» TASK: Go through the listing and retype each line exactly.

» DATASET SECTION:
===

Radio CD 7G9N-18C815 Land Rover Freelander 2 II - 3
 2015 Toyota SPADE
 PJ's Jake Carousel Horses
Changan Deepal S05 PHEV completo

===

» RESPONSE BOX:
Radio CD 7G9N-18C815 Land Rover Freelander 2 II - 3
 2015 Toyota SPADE
 PJ's Jake Carousel Horses
Changan Deepal S05 PHEV completo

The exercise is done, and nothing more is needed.